LAWS(PVC)-1912-1-116

ANNADA PROSAD CHAKRAVARTI Vs. SHAM SUNDAR ADHIKARI

Decided On January 22, 1912
ANNADA PROSAD CHAKRAVARTI Appellant
V/S
SHAM SUNDAR ADHIKARI Respondents

JUDGEMENT

(1.) This was a suit for recovery of possession of certain land. It appears that, the plaintiff brought a suit, for rent against the defendant No. 1. The defendant No. 1 denied the relationship of landlord and tenant and that question was specifically put in issue and decided in the negative. The plaintiff then brought this suit which was decreed by the Munsif. On appeal, the learned District Judge held that the defendant was the plaintiff s tenant and that, the plaintiff, therefore, was entitled to succeed but was not entitled to get possession of the land but only to get rent.

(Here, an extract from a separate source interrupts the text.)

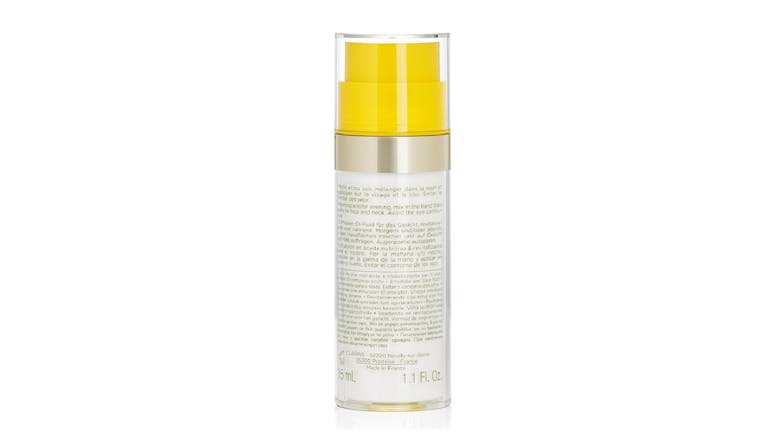 Clarins Plant Gold Nutri-Revitalizing Oil-Emulsion - 35ml/1.1oz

(2.) The plaintiff appeals to this Court; and the cases of Khater Mistri v. Sadruddi Khan 34 C. 922; Sheikh Miadhar v. Rajani Kunta Roy 14 C.W.N. 339 : 5 Ind. Cas. 708 and Ekabbar Sheikh v. Hara Bewah 15 C.W.N. 335 : 8 Ind. Cas. 660 : 13 C.L.J. 1 have been cited on his behalf. These oases appear to me to apply precisely to the facts of the present case and the plaintiff is entitled to succeed.

(3.) On the other hand, the case of Srimnti Mullika Dassi v. Makhan Lal Chowdhry 9 C.W.N. 928 has been relied on. That case, however, has not been followed in the three cases, which I have cited, though it is mentioned in every one of them. I am not at all disposed to deny that a tenant does not forfeit his tenancy under the Bengal Tenancy Act by denying the rights of his landlord, but this does not affect the operation of the rate of res judicata. If it has been held by a competent Court, as it has bean held in this case, that no relationship of landlord and tenant exists between the plaintiff and the defendant, it is not open to a Court, in a subsequent sail;, to go into that question at all, whether it has been rightly or wrongly decided by the first Court. I should have been inclined to think that in that case the plaintiff would be bound to prove possession within 12 years, and that the finding of the Courts below that the defendant s possession had not been adverse until the former rent-suit was hardly sufficient for the decision of the case. But the case of Khatar Mistri v. Sadruddi Khan 34 C. 922 which I have cited, seems exactly applicable to the facts of the present case ; and, that being so, I cannot interfere in the second appeal with the decision of the Court below on the question of limitation. In that case, it was held that the defendant, while he was in possession of the land, had not repudiated the relationship of landlord and tenant until the institution of the rent-suit and that, consequently, his possession had not been adverse.